_WORK TASK_: The whole listing below, with no pictures, is to be repeated as it stands.

== ENTRIES PROVIDED ==

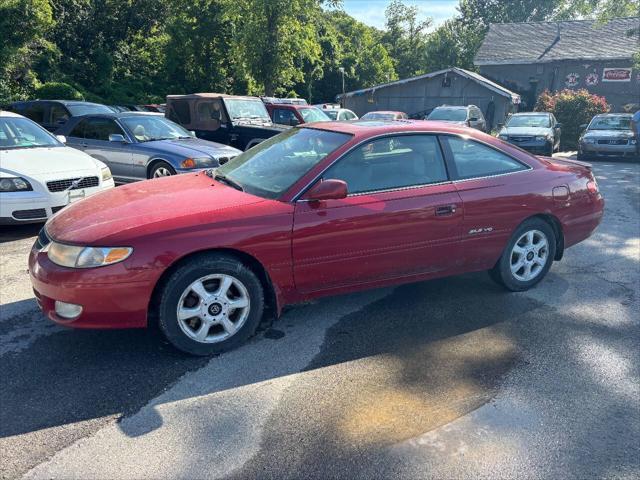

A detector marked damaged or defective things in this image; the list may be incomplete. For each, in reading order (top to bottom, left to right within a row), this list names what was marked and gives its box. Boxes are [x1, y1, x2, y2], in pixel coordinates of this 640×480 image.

cracked asphalt [0, 160, 636, 476]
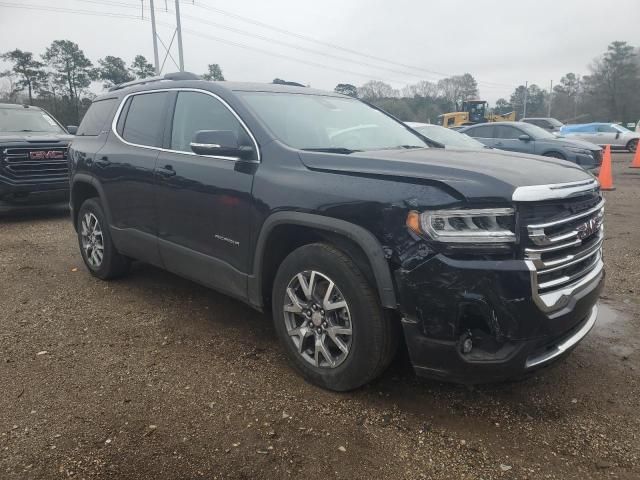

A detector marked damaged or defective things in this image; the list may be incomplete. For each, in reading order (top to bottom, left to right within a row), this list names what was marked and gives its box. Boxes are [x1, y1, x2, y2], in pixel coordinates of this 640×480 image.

torn bumper cover [396, 253, 604, 384]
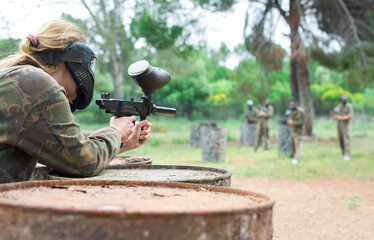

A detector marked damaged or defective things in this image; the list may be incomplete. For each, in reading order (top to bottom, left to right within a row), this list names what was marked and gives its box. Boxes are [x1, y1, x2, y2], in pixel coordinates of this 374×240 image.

rusty metal barrel [48, 165, 232, 188]
rusty metal barrel [0, 180, 274, 240]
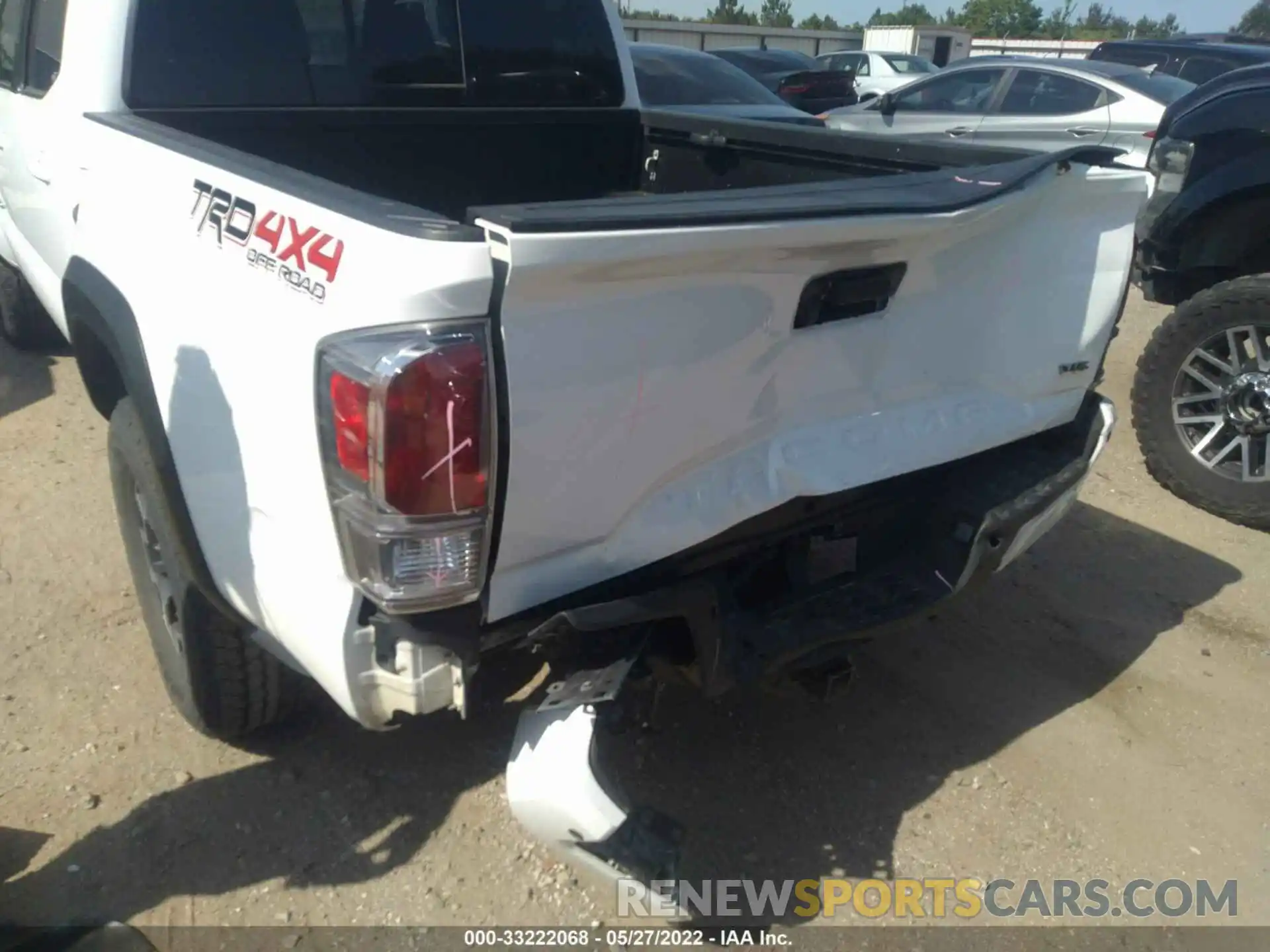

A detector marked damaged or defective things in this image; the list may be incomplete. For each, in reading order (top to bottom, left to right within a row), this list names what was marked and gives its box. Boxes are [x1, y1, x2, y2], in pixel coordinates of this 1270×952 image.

broken white bumper piece [505, 665, 685, 893]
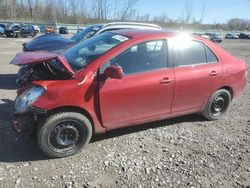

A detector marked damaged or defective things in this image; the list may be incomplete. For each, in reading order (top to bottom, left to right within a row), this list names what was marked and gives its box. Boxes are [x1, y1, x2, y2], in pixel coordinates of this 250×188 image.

crumpled hood [24, 33, 77, 52]
crumpled hood [10, 51, 74, 75]
damaged red car [10, 30, 247, 157]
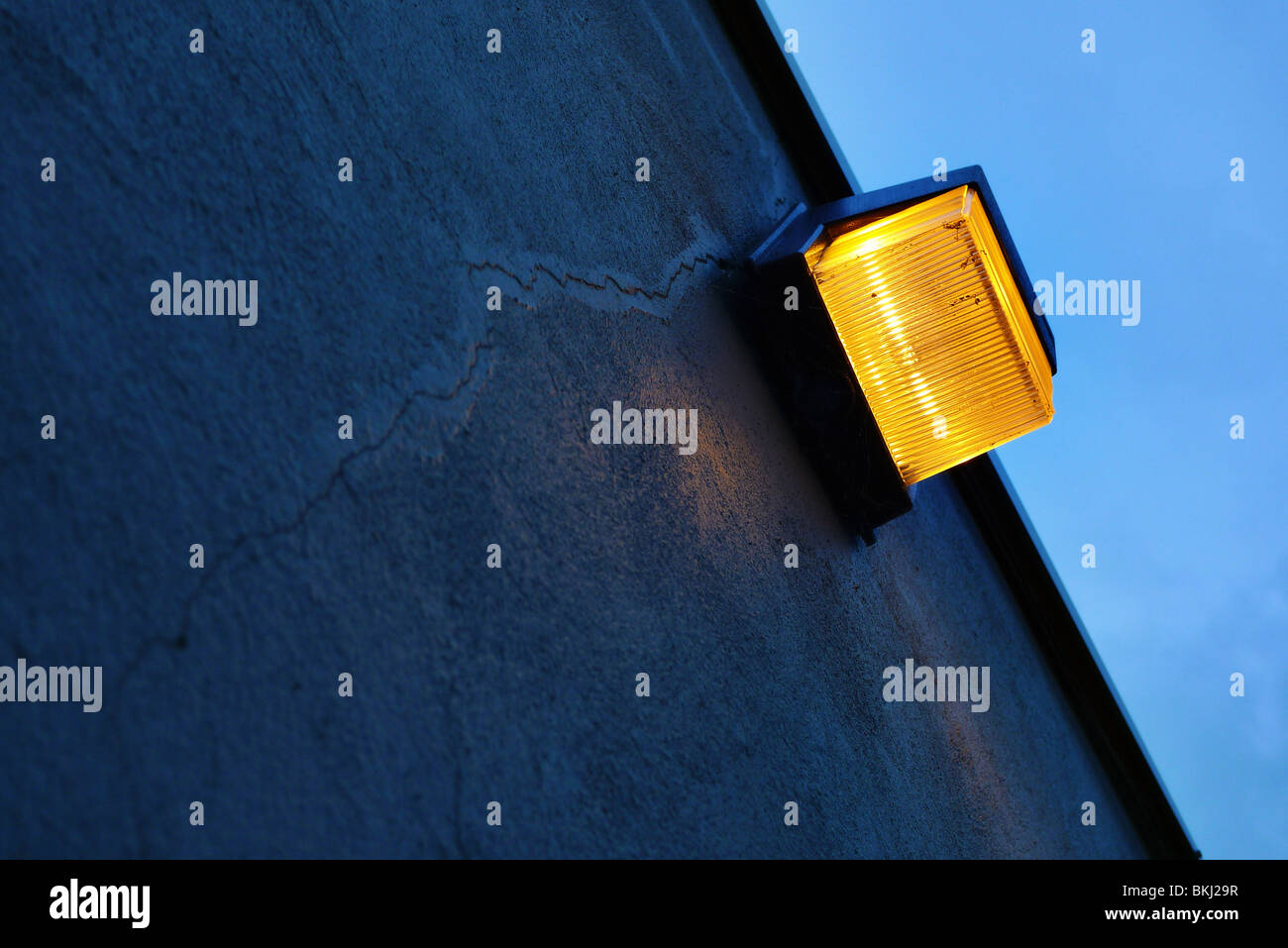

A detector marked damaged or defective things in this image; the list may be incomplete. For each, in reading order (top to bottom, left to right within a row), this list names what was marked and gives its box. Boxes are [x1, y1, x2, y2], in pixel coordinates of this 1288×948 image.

crack in concrete [114, 332, 491, 695]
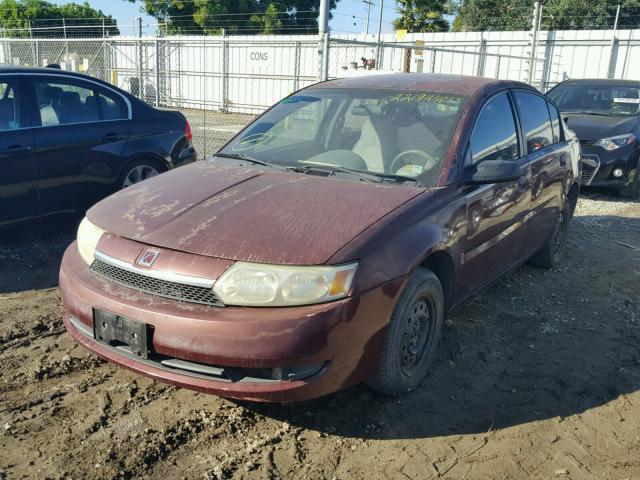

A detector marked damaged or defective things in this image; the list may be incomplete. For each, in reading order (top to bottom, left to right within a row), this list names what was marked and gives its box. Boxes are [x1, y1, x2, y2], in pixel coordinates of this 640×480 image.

peeling paint on hood [86, 161, 424, 266]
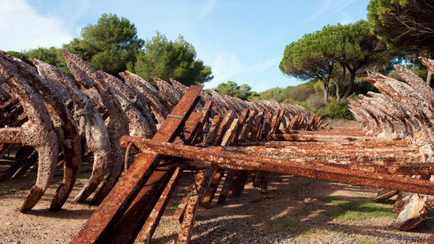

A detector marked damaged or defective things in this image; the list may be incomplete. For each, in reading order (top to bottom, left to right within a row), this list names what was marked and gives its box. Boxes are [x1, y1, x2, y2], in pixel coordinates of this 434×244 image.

rusted iron beam [71, 85, 202, 244]
rusted steel girder [72, 85, 203, 243]
rusty metal structure [0, 49, 434, 242]
rusted steel girder [124, 137, 434, 196]
rusted metal crossbeam [125, 137, 434, 196]
rusted iron beam [127, 137, 434, 196]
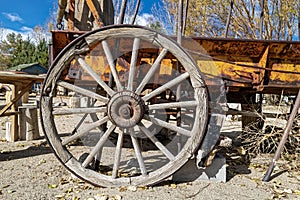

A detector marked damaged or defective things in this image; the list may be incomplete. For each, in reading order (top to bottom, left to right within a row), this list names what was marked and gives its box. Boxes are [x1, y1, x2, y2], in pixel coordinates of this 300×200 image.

rusted metal [262, 88, 300, 182]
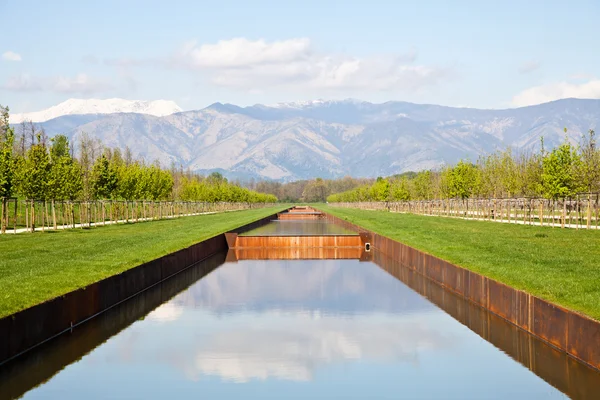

===

_FINISHED TASK_:
A detector marked damaged or defective things in this image; the list may be incomplete. For each, in reading order (top to bottom, left to right within a row), this list names what was marked and gives its box. Boxes are [x1, y1, x2, y2], in pixel coordinates of this 640×480 image.

cracked asphalt [0, 160, 636, 476]

A detector marked damaged or defective things in this image; the list may be incomplete. For each, in reading order (top to bottom, left to right within a row), this list names what was marked and gives its box. Boxes are [x1, y1, x2, y2], in pixel coordinates of this 640×480 image.

torn bumper cover [396, 253, 604, 384]

A detector marked damaged or defective things in this image; the list may be incomplete. For each, in reading order (top to bottom, left to right within a row), this list names what was marked and gives its box. Boxes are [x1, y1, x2, y2], in pixel coordinates of this 374×240 image.

rusty metal barrel [48, 165, 232, 188]
rusty metal barrel [0, 180, 274, 240]

A detector marked damaged or defective things in this image; the list may be incomplete. For each, in reading order (top to bottom, left to right within a row), this list names what was marked and gives its box. Boxes are [x1, y1, x2, y2], in pixel coordinates of this 1270×952 image.

broken white bumper piece [505, 665, 685, 893]

A detector marked damaged or defective things in this image; the list may be incomplete. For each, in reading order (top to bottom, left to right within a row), this list names what was marked and gives its box. Boxes are [x1, y1, x2, y2], in pixel coordinates of this 250×188 image.

crumpled hood [24, 33, 77, 52]
crumpled hood [10, 51, 74, 75]
damaged red car [10, 30, 247, 157]

A detector marked damaged or defective things in this image; the list may be incomplete. For each, in reading order (top to bottom, left to right within a row), this list names what was marked and gives its box. Boxes are [x1, y1, x2, y2], in pixel coordinates of this 1288×948 image.

crack in concrete [114, 332, 491, 695]

A detector marked damaged or defective things in this image; the list may be incomplete. For each, in reading order (top to bottom, left to right within a row), this list names what was marked and gives its box. Boxes are [x1, y1, x2, y2], in pixel coordinates of this 640×480 image.

peeling paint on hood [86, 161, 424, 266]

A detector marked damaged or defective things in this image; the list may be incomplete. For each, in reading order (top to bottom, left to right within a row), this list names what was marked and gives its box. Boxes are [x1, y1, x2, y2], in pixel coordinates of this 434×244 image.

rusted iron beam [71, 85, 202, 244]
rusted steel girder [72, 85, 203, 243]
rusty metal structure [0, 49, 434, 242]
rusted steel girder [124, 137, 434, 196]
rusted metal crossbeam [125, 137, 434, 196]
rusted iron beam [127, 137, 434, 196]

A detector marked damaged or defective things in this image; the list may be incomplete. For each, in reading order (top to bottom, left to right within a row), this list names what was marked and gives its box. Boxes are [x1, y1, x2, y2], in pixel coordinates of this 300×200 image.

rusted metal [262, 88, 300, 182]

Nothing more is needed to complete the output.